## Goal of the exercise
In the listing below, find the line containing "Osteomyelitis Radsource" and the line containing "Bakalım yiyecekleri mikroskobik", then copy exactly everything from the first through the second, except the pictures.

## Listed entries
*** Begin section ***

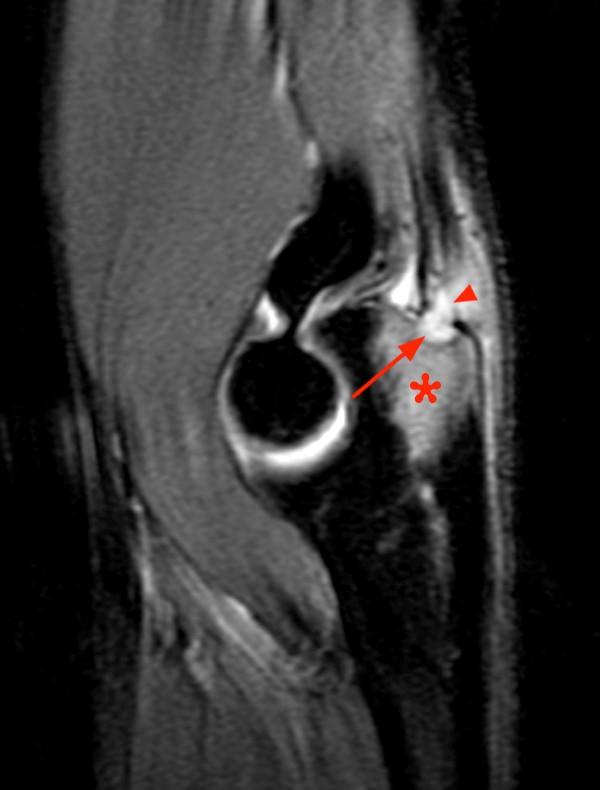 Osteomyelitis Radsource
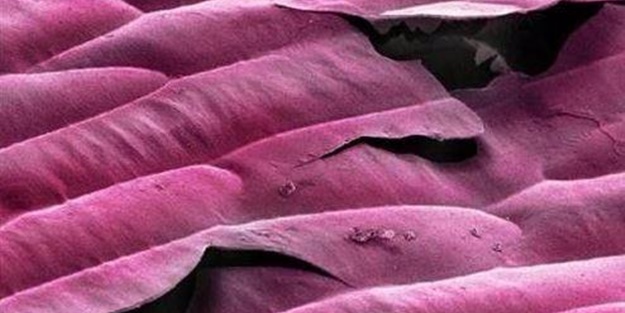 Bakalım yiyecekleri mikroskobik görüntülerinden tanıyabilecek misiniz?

*** End section ***
*** Begin section ***

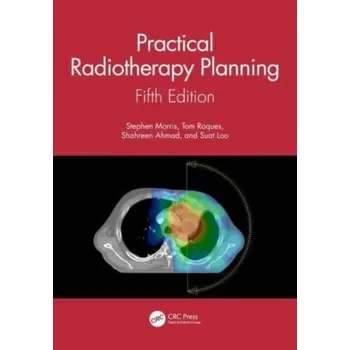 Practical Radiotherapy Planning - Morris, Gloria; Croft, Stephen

*** End section ***

## Solution to the problem
 Osteomyelitis Radsource
 Bakalım yiyecekleri mikroskobik görüntülerinden tanıyabilecek misiniz?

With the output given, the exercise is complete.